Python Modules Available to Indexing Pipeline Extensions
Python Modules Available to Indexing Pipeline Extensions
A large number of modules are available for import in indexing pipeline extension (IPE) scripts. The following Python 3 modules may be especially useful:
Note
This list is maintained manually, and might therefore be slightly out of date (for example, new modules may have been added, or existing modules may have been updated to a newer version since the last edit).
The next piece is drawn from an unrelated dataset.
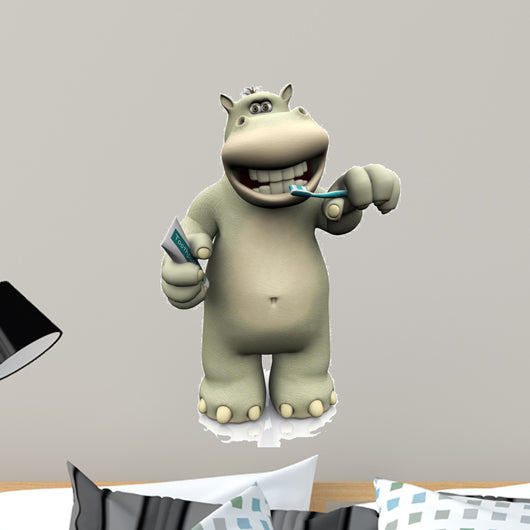 Cartoon Hippo Brushing His Wall Decal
Last updated: July 2023. You should validate the complete list of modules and their versions programmatically (see Listing Available Modules Programmatically). |
-
Modules from the Python 3 Standard Library.
-
beautifulsoup4
: A Python library for pulling data out of HTML and XML files. -
boto3
: Amazon Web Services (AWS) Software Development Kit (SDK) for Python. -
cryptography
: A cryptographic library. -
lxml
: Feature-rich and easy-to-use library for processing XML and HTML. -
markdown
: A text-to-HTML conversion library. -
python-dateutil
: Provides powerful extensions to the datetime module. -
requests
: HTTP library for Python. -
urllib3
: An HTTP client.
Listing Available Modules Programmatically
To get a log message containing the current, exhaustive, up-to-date list of all Python 3 modules/versions available for import in any given Python 3 indexing pipeline extension script, you can run a Python 3 indexing pipeline extension that has the following script:
import pkg_resources
modules = pkg_resources.working_set
modules_list = sorted(["%s, version %s" % (i.project_name, i.version) for i in modules])
log(str(modules_list))
Getting the Python Version Programmatically
To get a log message containing the current Python version used for indexing pipeline extensions, you can run or test an indexing pipeline extension that has the following script:
import sys
myPythonVersion = sys.version_info
log(str(myPythonVersion))
Deprecation of time.sleep
We recommend against using time.sleep
in extensions to delay outgoing requests.
Doing so introduces idle delays, and since index pipeline extensions are a multi-tenant service, it leads to processing time issues.
The use of time.sleep
in extensions will be completely deprecated in the future.
Suggesting Support for New Modules
If you would like to use a Python module which isn’t currently supported by indexing pipeline extensions, you can suggest the addition by posting an idea on Coveo Connect (Ideas tab).